Task to carry out — Give again, word for word, every line in the entries below from the line with "Red durag, men" up to and including the line with "Highlights the keyboard's", and no other line.

Input records —
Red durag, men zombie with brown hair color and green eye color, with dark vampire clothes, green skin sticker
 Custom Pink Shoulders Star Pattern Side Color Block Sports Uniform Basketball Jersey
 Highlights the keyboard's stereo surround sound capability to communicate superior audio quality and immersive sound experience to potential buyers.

--

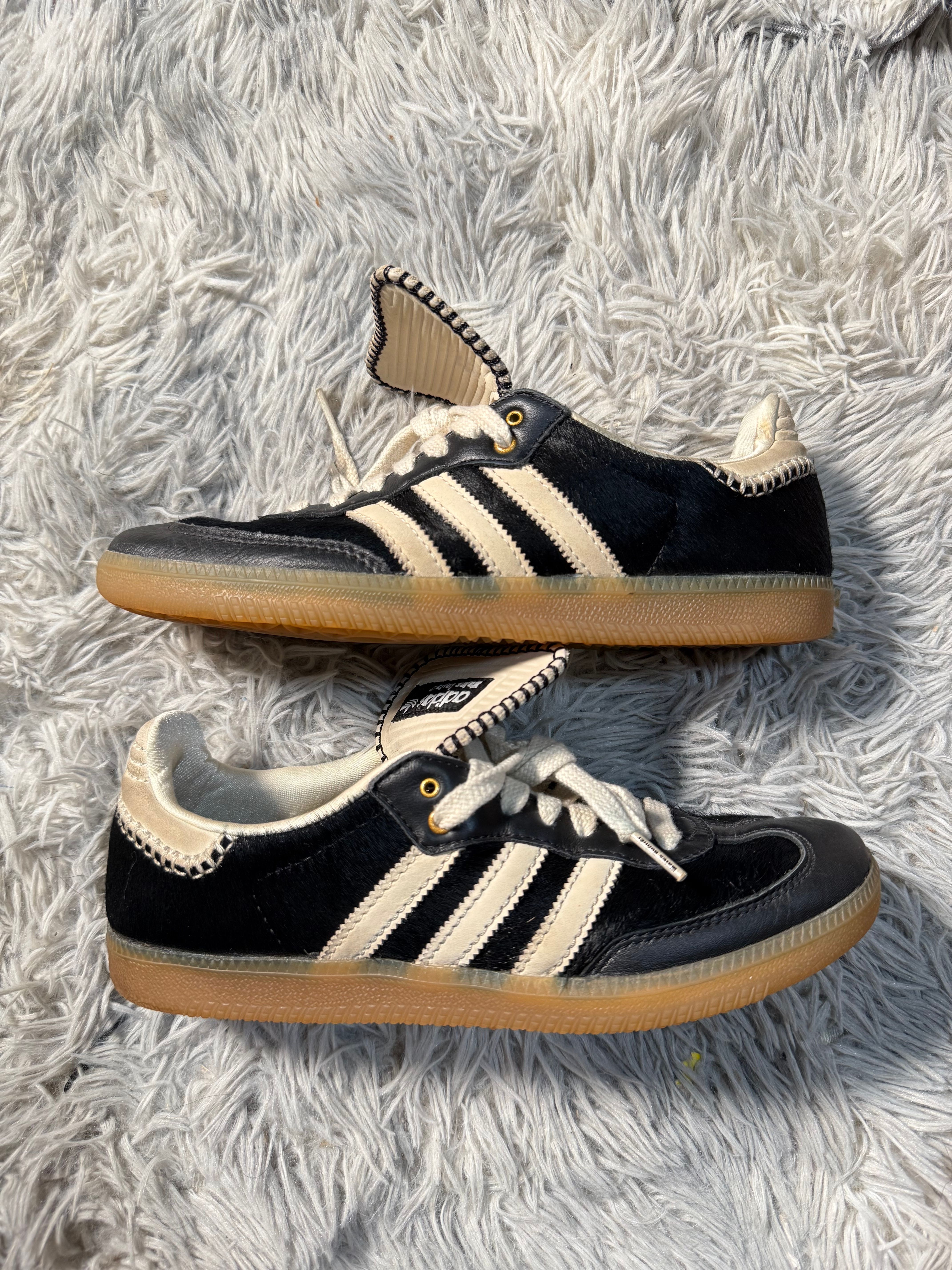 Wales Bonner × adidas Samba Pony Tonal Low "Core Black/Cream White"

Exercise answer —
Red durag, men zombie with brown hair color and green eye color, with dark vampire clothes, green skin sticker
 Custom Pink Shoulders Star Pattern Side Color Block Sports Uniform Basketball Jersey
 Highlights the keyboard's stereo surround sound capability to communicate superior audio quality and immersive sound experience to potential buyers.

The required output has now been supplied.